Pilates, meanwhile, was developed by Joseph Pilates during World War I as a way to help prisoners be healthy and strong. He wrote his first book on Pilates in 1934. The Pilates method we know today is directly descended from Joseph Pilates.

Commonalities

The similarities between Yoga and Pilates are extensive.

Low Back Pain Relief

Both modalities help relieve chronic back pain in the appropriate class. Neither a group mat Pilates class or a heated vinyasa flow class, however, would be the right fit for someone with back pain. Back pain students are recommended for private sessions (such as the one on one appointments at Dynamic Fitness), restorative yoga, or alignment-specific group classes.

Improved Balance

Pilates and Yoga both work to improve stability and increase overall balance–especially in elderly populations, those returning to fitness following an injury or surgery and even in athletes.

Breathwork

How you breathe is just as important as the physical form in both Pilates and Yoga. In Pilates, students will generally practice the same, coordinated deep breathing throughout the forms and exercises. Yoga emphasizes breath throughout the movement, but will also focus specifically on various breathwork in a form called pranayama.

Mindfulness

Yoga’s initial purpose was to bring the individual to a place where the mind slows and enters the clarity of the present moment.  Pilates, similarly, promotes mindfulness throughout the entire form, encouraging awareness and presence in each posture and movement.

Equipment

Both alignment-based yoga (such as Iyengar) and Pilates rely upon the use of various props and apparatuses. In yoga, you may use a block, bolster, sandbags, wall, strap, or more.

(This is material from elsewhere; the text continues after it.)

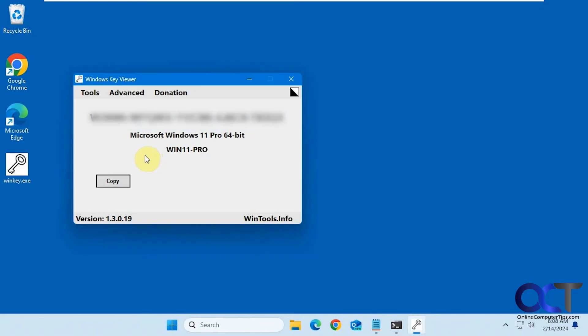And that's pretty much all there is to it. So a short video for you today, but this is a very helpful little tool in case you need to find your key. So I'll put a link in the description where you could download Windows Key Viewer and then you could find your keys.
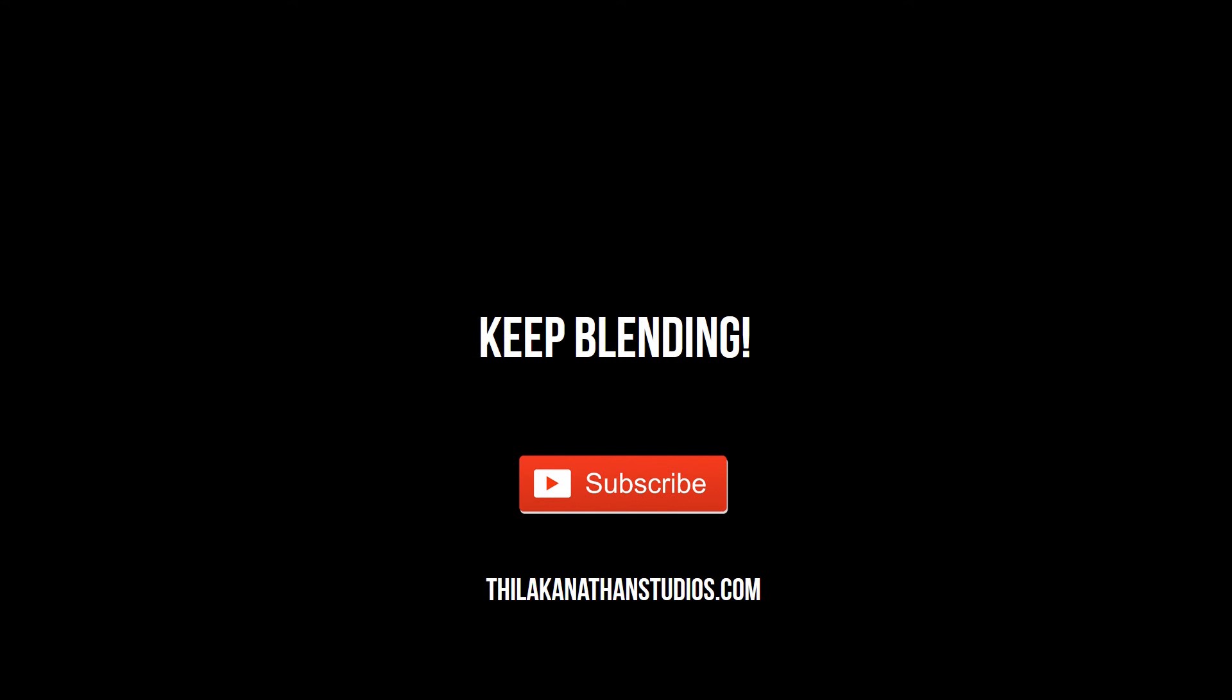And that's it for this video. I hope this video was useful to you. Subscribe to the YouTube channel for future video tutorials or sign up using your email address on the official website. And remember, keep blending!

A dedicated Pilates studio can feature a reformer, table, chair, ring, ball, and more. Yoga generally uses the props to make a pose more accessible, whereas Pilates uses the Props to ensure proper form and stronger performance.

It Depends On The Studio

Yes, both Pilates and Yoga are highly dependent on the teacher and studio for the experience.  The quality of classes varies greatly from gym to studio to private sessions. In both Yoga and Pilates, it’s recommended that students study from a teacher with an extensive background and an understanding of anatomy. If you have any medical conditions, make sure to talk to your doctor and find the right fit and program for your needs.

Differences

The Core Of It All

While yoga touches upon core work (especially in today’s crowded “power” and heated flow classes), the majority of classes miss out on concentrated toning and focus on the abdominal center. Pilates includes focus on precise movement and the entire center of the body, providing greater core stability, fitness and more.  Many yoga classes will incorporate these elements, but they will not be the entire focus of the practice.

Spirituality

Many yoga classes include an emphasis on spirituality, including mantra meditation, chanting, and more. While Pilates enhances relaxation and mindfulness, it is a non-dogmatic approach to physical fitness.

Stand Taller

Pilates encourages stronger and taller posture, focusing on postural correction and alignment.  Today’s vinyasa, flow, and power yoga classes tend to increase the forward position of the shoulders due to the repetitive nature of the plank posture and chaturanga/lower push-up position.

Conclusion

Both Pilates and Yoga are wonderful physical and mindfulness practices to increase overall health and wellbeing. It’s important to do research to find the class, teacher or studio environment that best meets your needs. The two are also a wonderful combination–especially when combining Pilates for strength and agility and Yoga for relaxation and restoration. If you currently study Yoga or Pilates, talk to your teacher to find how to best blend the two. When practiced together, the body becomes even stronger, the mind even sharper, and the body becomes easier to inhabit for all aspects of life.